8. Après la signature de l’accord, deux sites de pèlerinage mariage ont été démolis dans le Shaanxi et le Guizhou.
Malgré la signature de l’accord avec le Vatican, les statues et les croix de deux sanctuaires mariaux dans le Shaanxi et le Guizhou, ont été abattus ou enlevés, ce qui a provoqué chez les prêtres et les fidèles un sentiment d’impuissance. Assurément, ces actions contre le catholicisme ne faisaient en aucun cas partie de l’accord Chine-Vatican, mais le Saint-Siège ne protestera pas davantage qu’il ne manifestera son mécontentement. Ainsi, l’accord Chine-Vatican n’améliore pas du tout la situation de l’Église catholique en Chine. Ceux qui continuent à espérer que l’accord pourra améliorer la vie de l’Église en Chine, ne comprennent toujours pas l’idéologie officielle de la Chine et les conditions objectives de la société chinoise contemporaine.

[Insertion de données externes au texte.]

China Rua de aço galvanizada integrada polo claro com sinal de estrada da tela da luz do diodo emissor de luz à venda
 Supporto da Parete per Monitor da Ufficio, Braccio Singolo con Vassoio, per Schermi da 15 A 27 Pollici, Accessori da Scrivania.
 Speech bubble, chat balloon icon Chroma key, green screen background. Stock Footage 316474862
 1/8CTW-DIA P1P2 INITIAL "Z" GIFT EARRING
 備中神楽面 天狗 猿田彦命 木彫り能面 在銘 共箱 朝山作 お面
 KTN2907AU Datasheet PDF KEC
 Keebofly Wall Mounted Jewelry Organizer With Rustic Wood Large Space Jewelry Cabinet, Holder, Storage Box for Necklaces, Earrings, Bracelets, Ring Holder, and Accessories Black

9. Quatre prêtres souterrains de la province de Hebei refusent de recevoir le certificat et sont enlevés par des fonctionnaires gouvernementaux.
La province de Hebei est le cœur de l’Église catholique souterraine. Pendant longtemps, les catholiques locaux ont lutté pour défendre les principes de la foi catholique et la loyauté envers le successeur de Pierre, en niant l’autorité du gouvernement à choisir et à ordonner des évêques. Ils sont fermement opposés à être indépendants du Pape de Rome et sont contre l’Association patriotique 5. Bien que le comité de l’Église catholique [officielle] de la province de Hebei ait approuvé la reconnaissance de tous les prêtres en leur accordant une carte de membre [de l’Église officielle], des clercs souterrains ont estimé ce compromis inacceptable et c’est la raison pour laquelle beaucoup d’entre eux ont refusé de prendre cette “carte d’identité” de prêtre officiel.
Comme la politique religieuse du pays a des règlements précis pour chaque religion, seuls les groupes religieux enregistrés sont reconnus par les autorités. Les seuls groupes catholiques reconnus par le gouvernement chinois sont l’Association patriotique des catholiques chinois et le Congrès national des représentants catholiques. Le Comité national des catholiques chinois, tout comme les comités locaux de l’Église catholiques, est placé sous le Congrès national. Par conséquent, les activités pastorales et missionnaires des ecclésiastiques souterrains qui refusent la carte d’identité des prêtres, sont considérées comme illégales par les autorités gouvernementales. Il est donc devenu très facile d’arrêter ces prêtres.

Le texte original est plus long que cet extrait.